Acordam na 2ª secção do Tribunal da Relação de Évora:

I. Relatório
1. (…), Lda. e (…) Unlimited, Lda., por apenso ao processo especial de insolvência em que é insolvente (…), Comércio de Combustíveis, Lda., instauraram contra a Massa Insolvente de (…), Lda. e Auto (…), S.A., ação declarativa com processo comum, a que foi atribuído o valor de € 676.784,50.
A ação improcedeu em 1ª instância e as Autoras, sem êxito, apelaram da sentença; foram condenadas nas custas em 1ª e 2ª instância.
Alcançada a fase da conta e notificadas ambas as Autoras para pagamento das quantias de € 6.018,00 e a autora (…), Lda. para pagamento da quantia de € 2.601,00, veio esta última, no prazo da reclamação da conta, requerer a dispensa do remanescente da taxa de justiça, com fundamento na manifesta desproporcionalidade entre o serviço prestado pelo sistema de justiça e o valor do remanescente da taxa de justiça.
Argumentou, em resumo, que as questões colocadas em 1ª instância e no recurso não tinham especial complexidade, a petição tinha 66 artigos e as alegações de recurso 24 artigos, o julgamento foi concluído em três sessões e foram ouvidas apenas três testemunhas.

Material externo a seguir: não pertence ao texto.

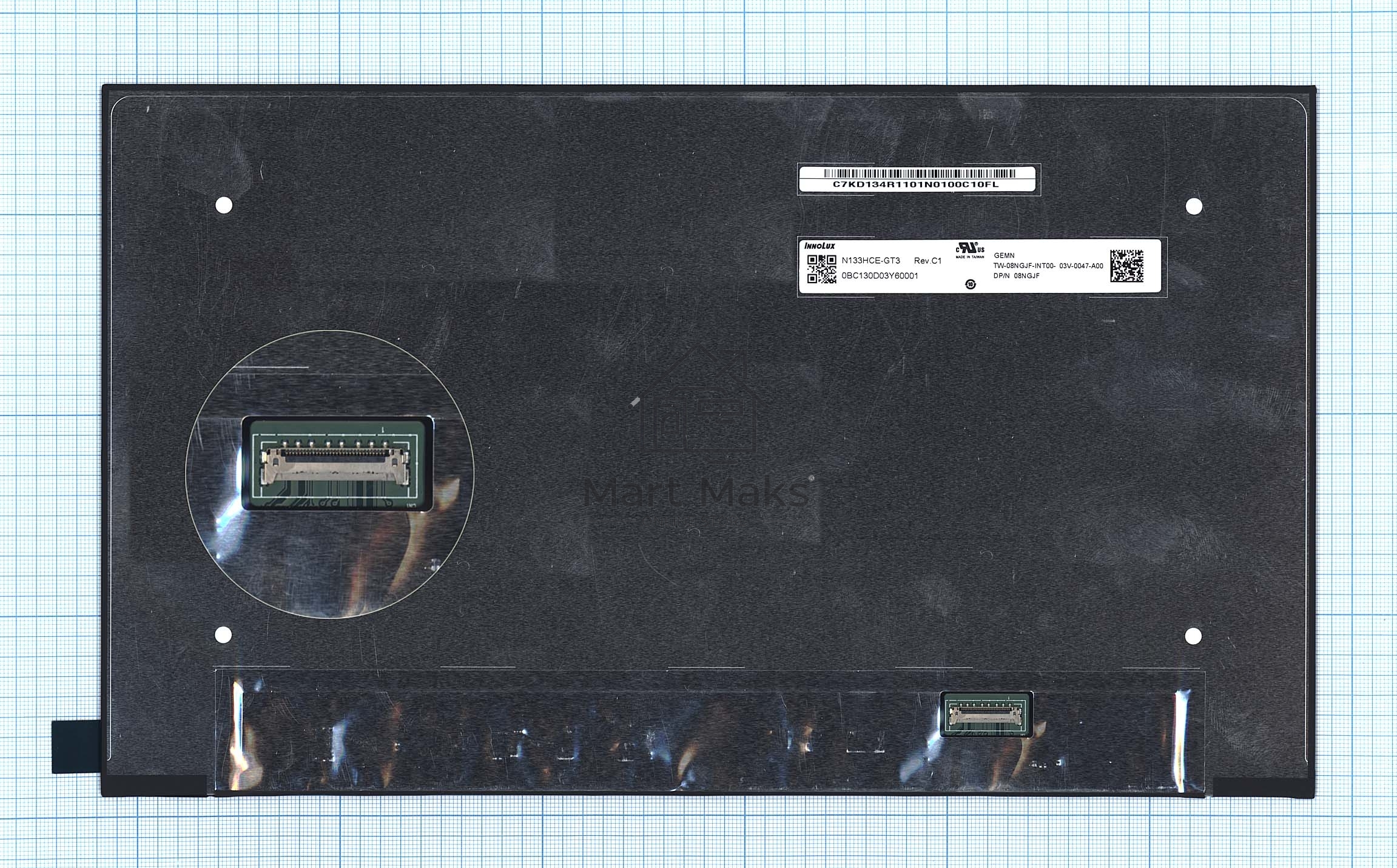 Матрица N133HCE-GT3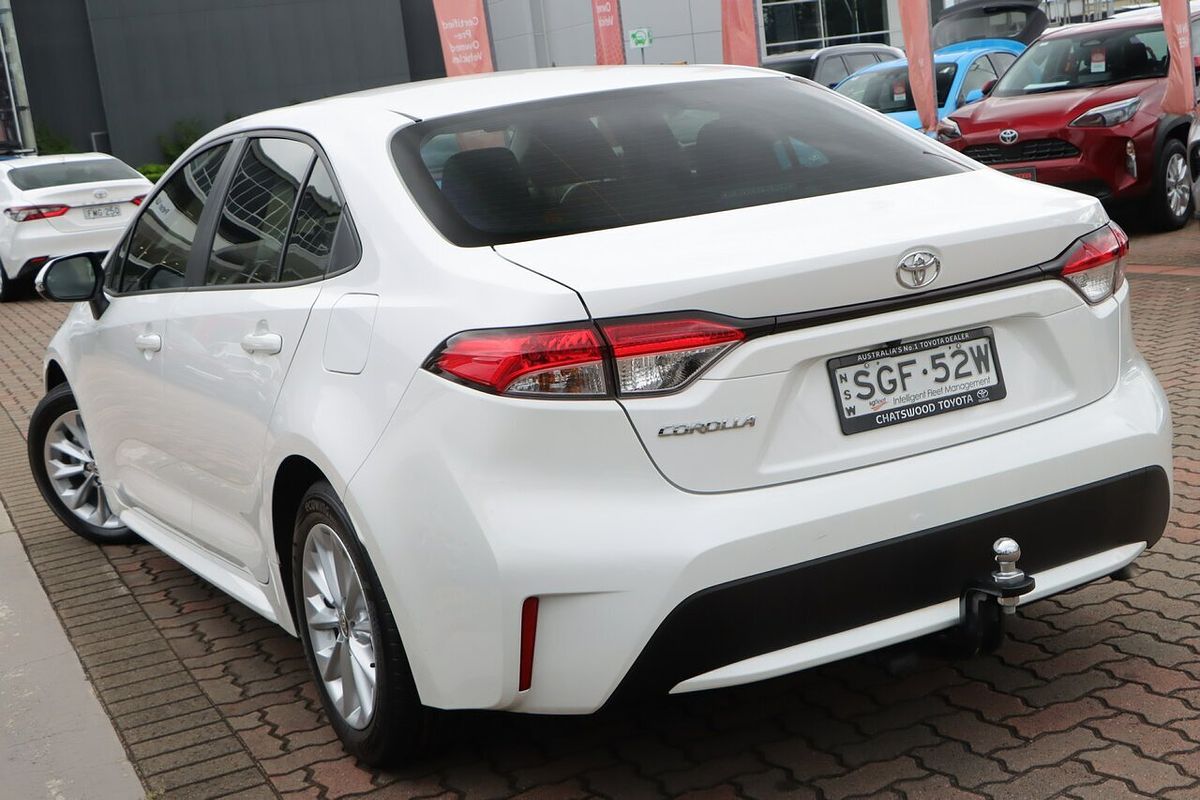 2020 Toyota Corolla Ascent Sport MZEA12R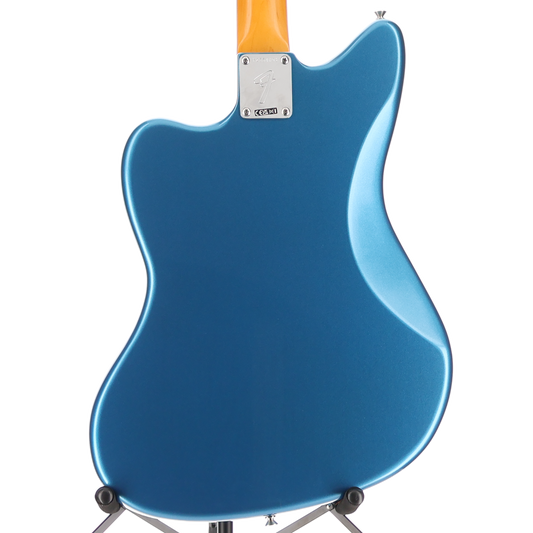 Fender American Vintage II 1966 Jazzmaster, Rosewood Fingerboard, Lake Placid Blue (RC3) (54091)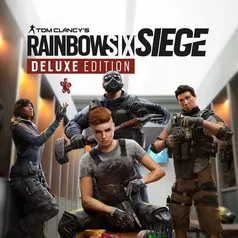 Tom Clancy's Rainbow Six® Siege Deluxe Edition PS4 & PS5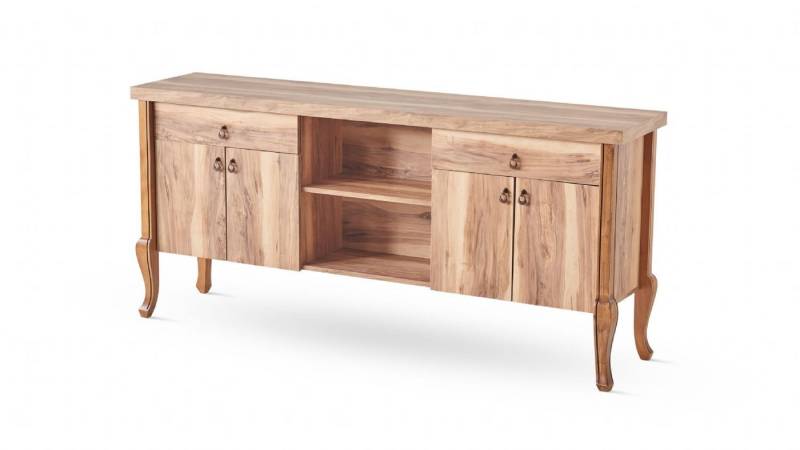 JVmoebel Aktenschrank Braunes Sideboard Rechteckig Klassisch für Arbeitszimmer & Wohnzimmer Made in Europe JVmoebel Aktenschrank Braunes Sideboard Rechteckig Klassisch für Arbeitszimmer & Wohnzimmer Made in Europe von JVmoebel
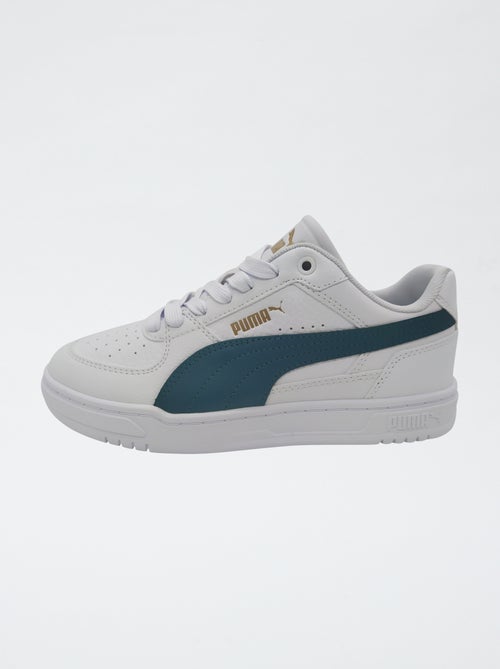 Lage 'PUMA' sneakers met veters en klittenbandsluiting - Kiabi
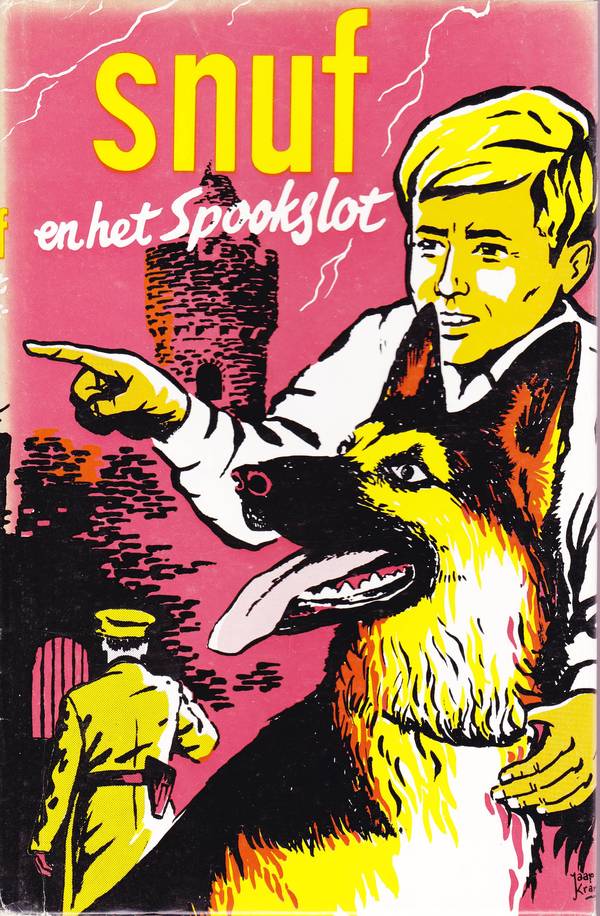 Snuf en het Spookslot
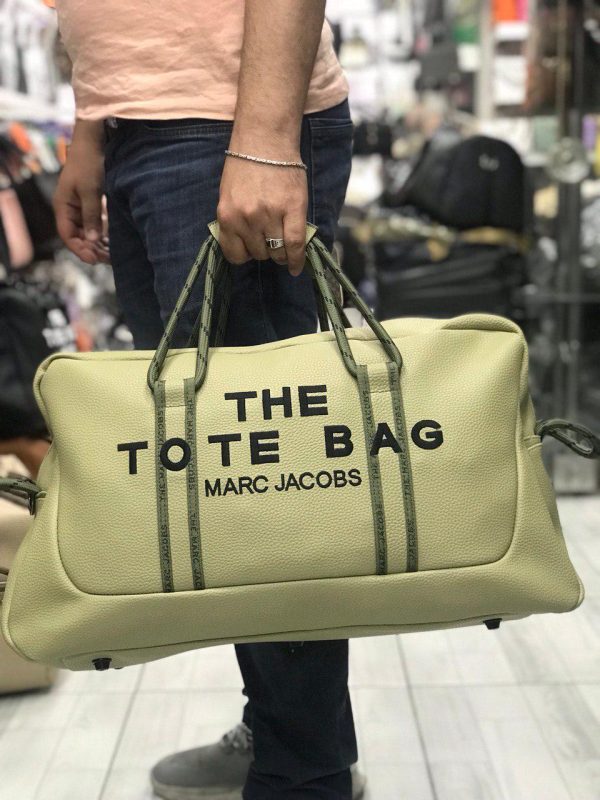 the tote bag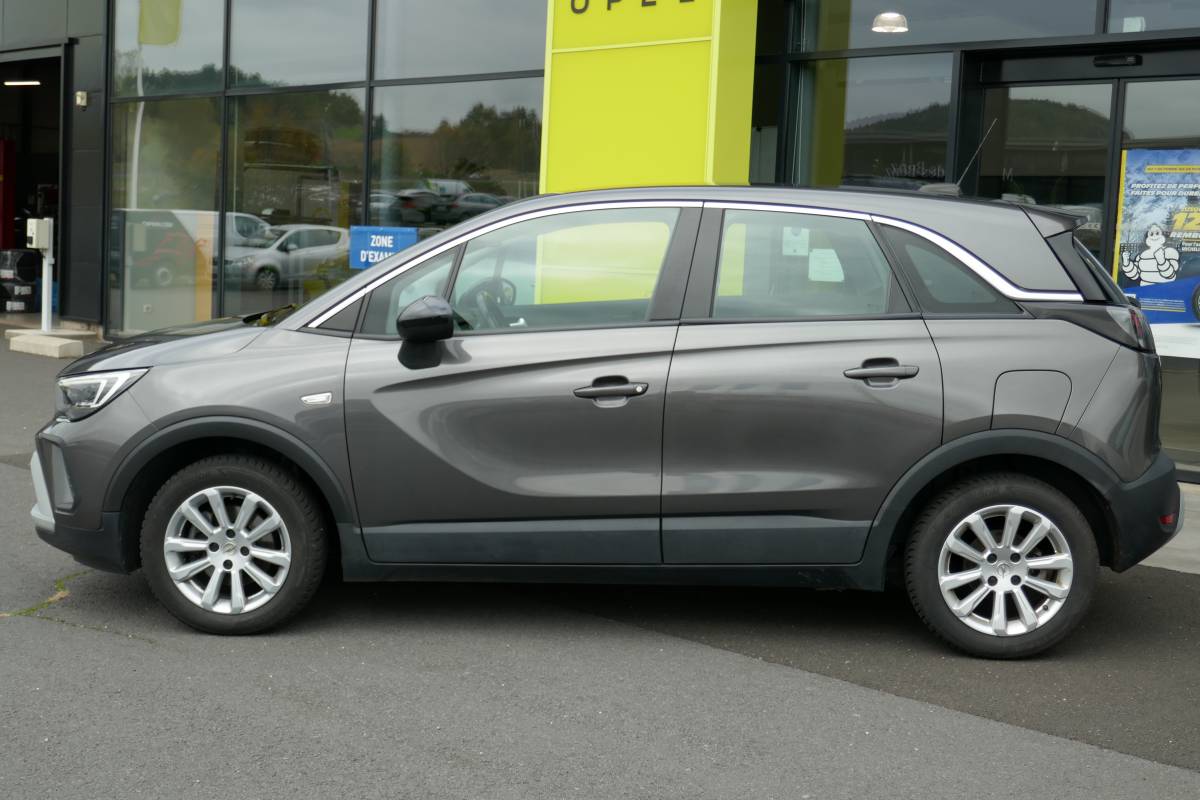 Opel Crossland X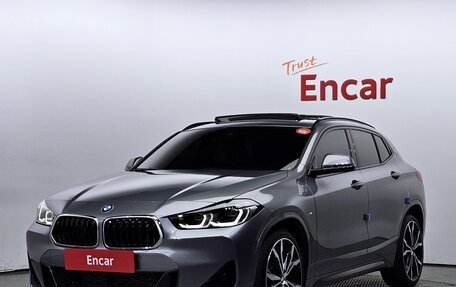 BMW X2, 2022 год, 2 590 000 рублей, 1 фотография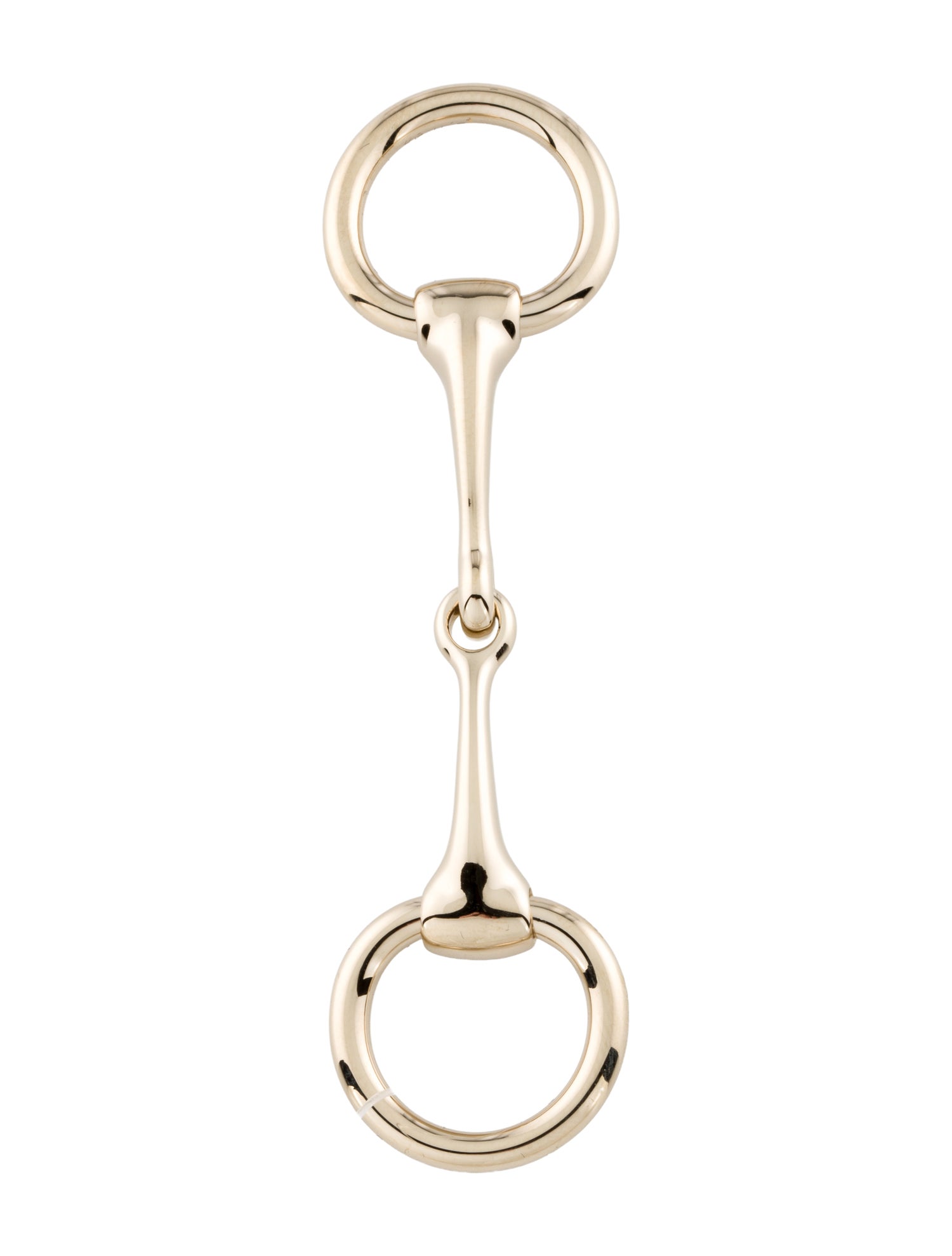 Hermès Mini Mors Twilly Scarf Ring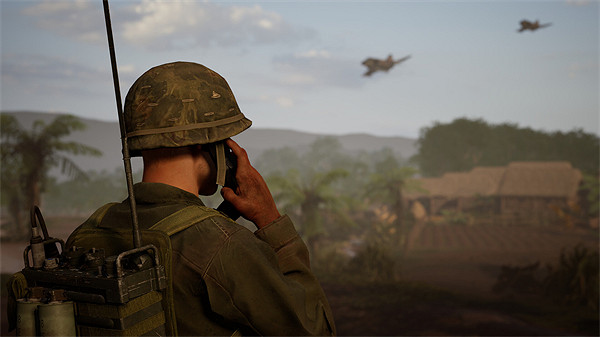 戰術綜合軍事戰爭遊戲《灼燒之地》上架Steam頁面！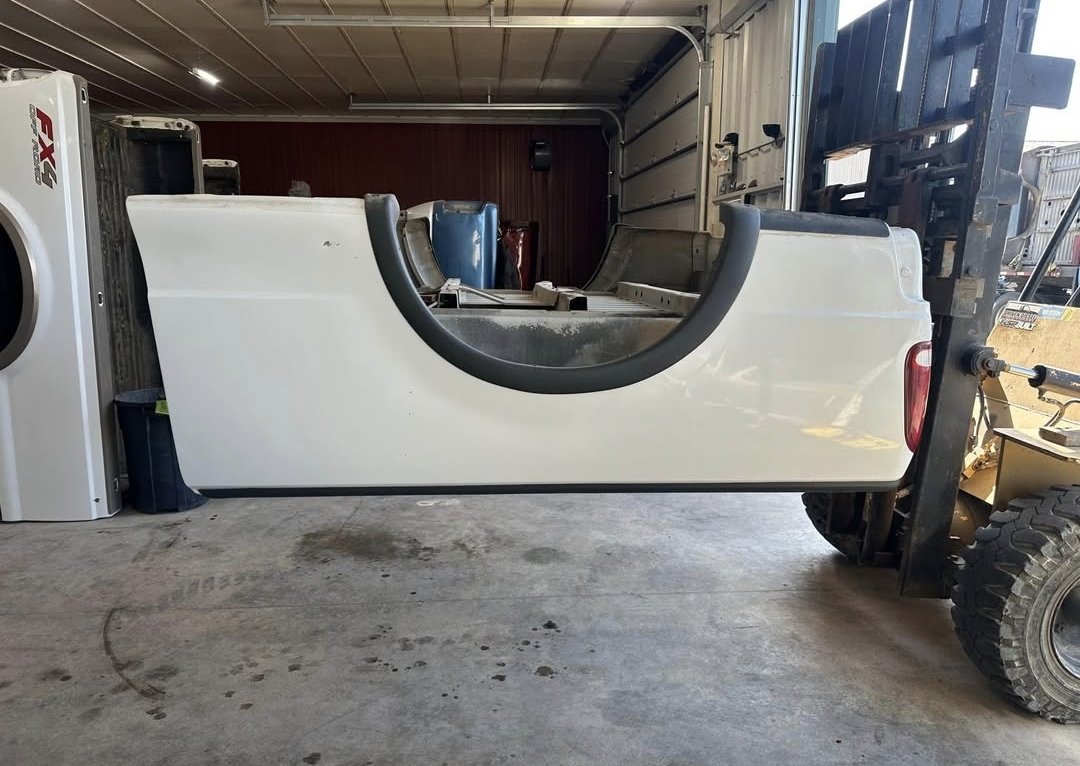 2000 F-150 6.5-Foot Bed Rust-Free - Image 2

2. Sobre o requerimento recaiu o seguinte despacho:
“Reclamação da conta de custas
Notificada da conta de custas, a Autora (…), Lda. veio apresentar reclamação, invocando que no caso deveria ser aplicada a dispensa do remanescente da taxa de justiça, nos termos do n.º 7 do artigo 6.º do Regulamento das Custas Processuais.
Foi proferida sentença nos autos que julgou improcedentes os pedidos e fixou a responsabilidade pelas custas a cargo das Autoras.
A sentença foi notificada às Autoras a 08.04.2022.
A sentença foi confirmada em sede de recurso, por acórdão que foi notificado às Autoras a 27.10.2022.
A sentença transitou em julgado a 15.11.2022.
Foi então elaborada a conta de custas, que foi notificada às Autoras a 09.02.2023.
Por requerimento de 22.02.2023, a Autora (…). Lda. reclamou da conta de custas, invocando dever haver dispensa do pagamento do remanescente da taxa de justiça.
Pelo acórdão n.º 1/2022, de 10.11.2021 (publicado no Diário da República n.º 1/2022, Série I, de 2022-01-03, páginas 31-71), o Supremo Tribunal de Justiça fixou jurisprudência no seguinte sentido: “A preclusão do direito de requerer a dispensa do pagamento do remanescente da taxa de justiça, a que se reporta o n.º 7 do artigo 6.º do Regulamento das Custas Processuais, tem lugar com o trânsito em julgado da decisão final do processo”.
Resulta deste acórdão uniformizador de jurisprudência que o direito de requerer a dispensa de pagamento do remanescente da taxa de justiça, a que alude o artigo 6.º, n.º 7, do Regulamento das Custas Processuais, preclude com o trânsito em julgado da decisão final do processo.
Ora, a decisão final do processo transitou em julgado a 15.11.2022. E a autora (…) apenas veio invocar a dispensa de pagamento do remanescente da taxa de justiça a 22.02.2023, estando já largamente ultrapassado o prazo limite para exercer o direito.
Assim sendo, improcede a reclamação de custas apresentada.”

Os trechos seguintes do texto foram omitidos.